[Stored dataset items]

------------

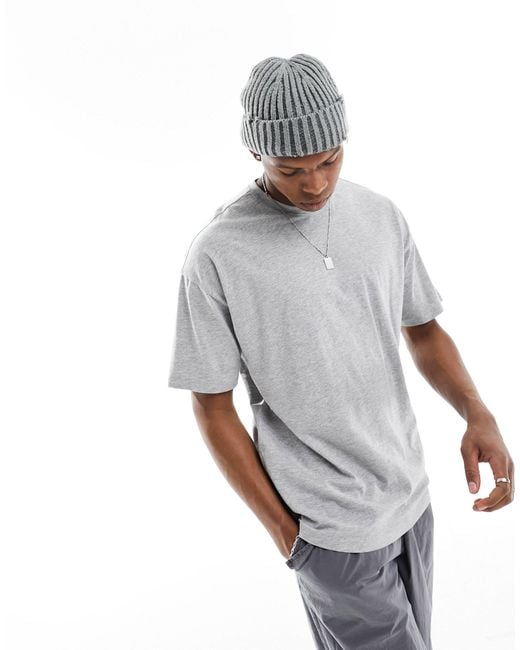 New Look – oversize-t-shirt in Gray für Herren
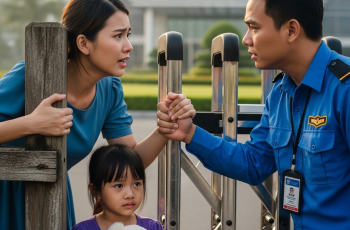 Anh có thể đóng giả chồng tôi… chỉ hôm nay thôi được không?” cô đồng nghiệp thì thầm với anh bảo vệ tòa nhà, ánh mắt đầy lo lắng khi người thân bất ngờ ghé thăm…. và cái kết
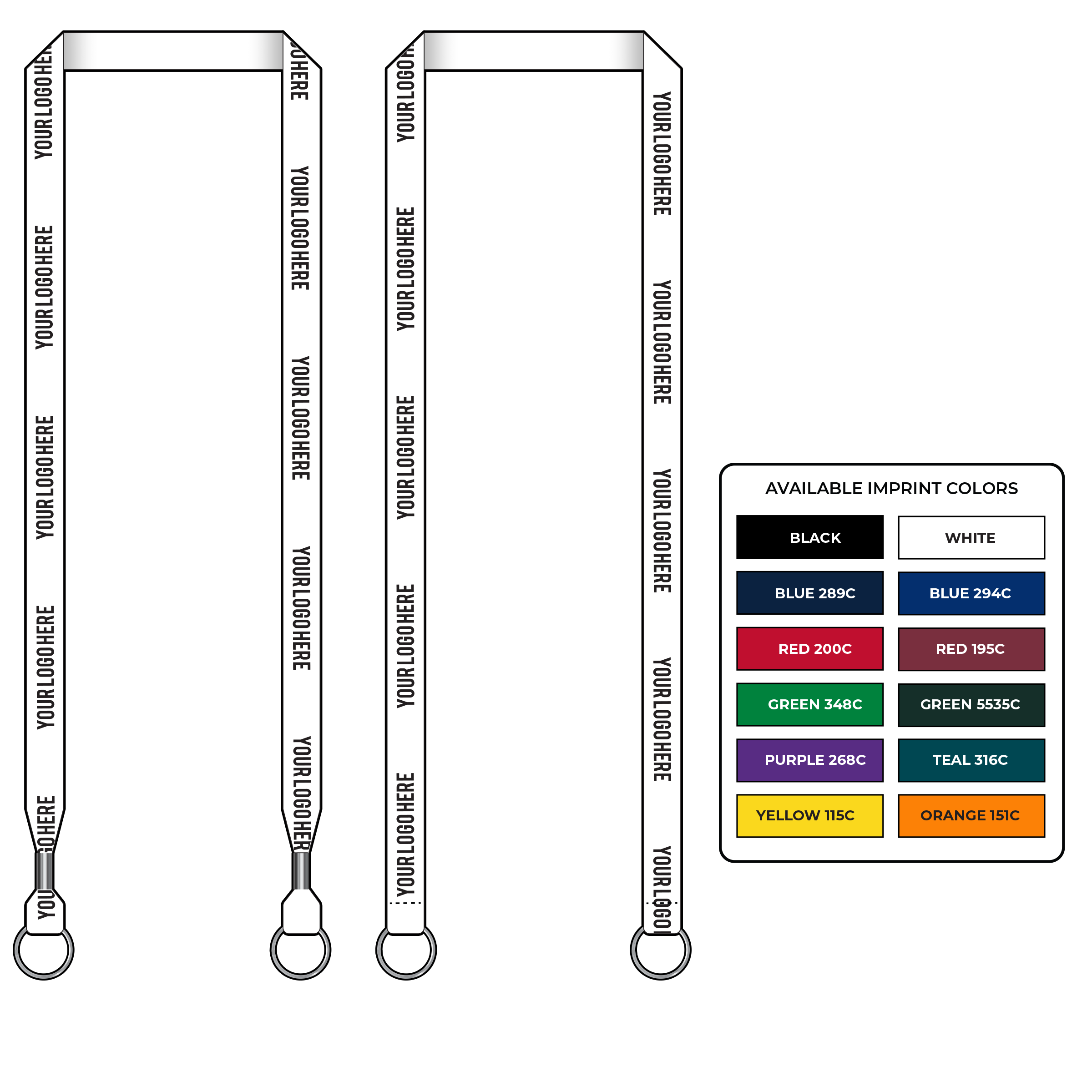 BH0018 | 5/8" EconoWeave Silkscreen Lanyards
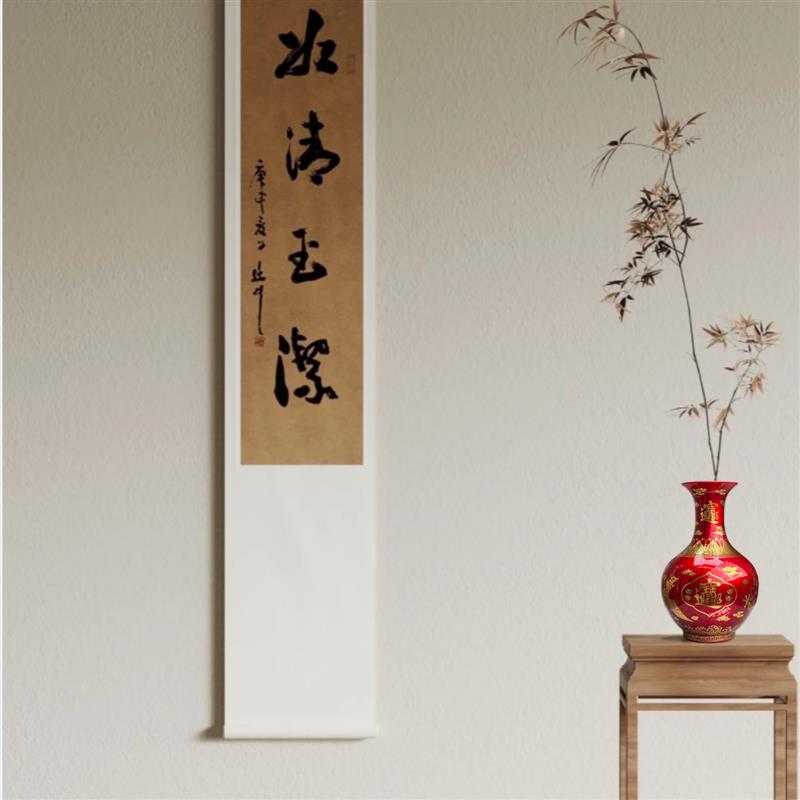 景德镇鎏金招财宝葫芦花瓶凤凰纹陶瓷摆件中式客厅玄关装工艺饰品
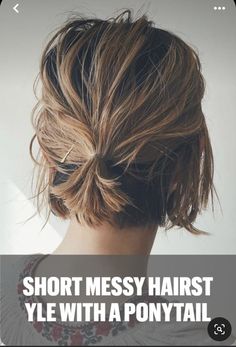 Messy Short Hair, Hairdos For Short Hair, Short Hair Styles Easy, Hairstyles For Women, Short Haircuts, Short Hair Cuts For Women, Great Hair, Short Hairstyles For Women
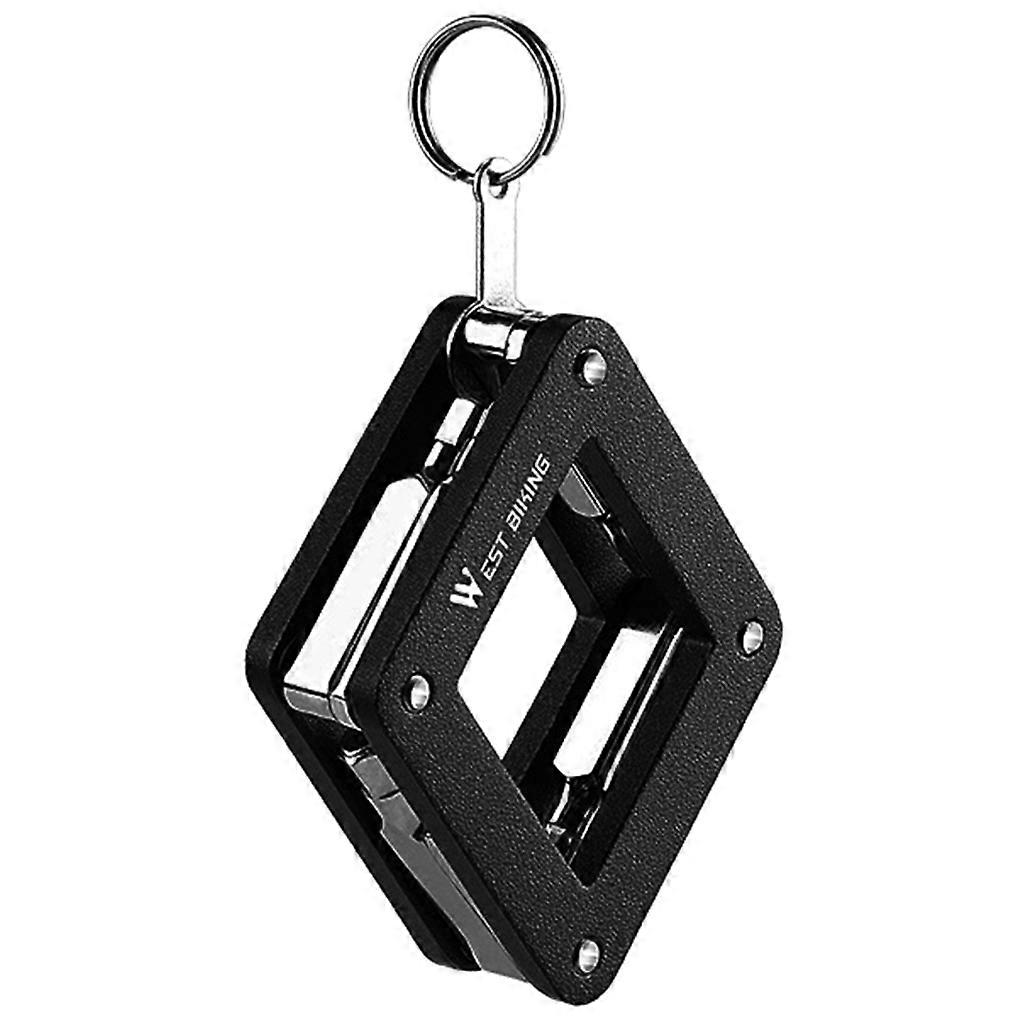 unbrand 8 in 1 Mountain Bicycles Tools Kit Bike Hex Spoke Mountain Cycling Screwdriver Black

------------

▶ [What you need to do]:
Leaving every picture aside, reproduce exactly the lines above from the one with "Anh có thể đóng" up to and including the one with "景德镇鎏金招财宝葫芦花瓶凤凰纹陶瓷摆件中式客厅玄关装工艺饰品", and no others.

▶ [Reply to the exercise]:
 Anh có thể đóng giả chồng tôi… chỉ hôm nay thôi được không?” cô đồng nghiệp thì thầm với anh bảo vệ tòa nhà, ánh mắt đầy lo lắng khi người thân bất ngờ ghé thăm…. và cái kết
 BH0018 | 5/8" EconoWeave Silkscreen Lanyards
 景德镇鎏金招财宝葫芦花瓶凤凰纹陶瓷摆件中式客厅玄关装工艺饰品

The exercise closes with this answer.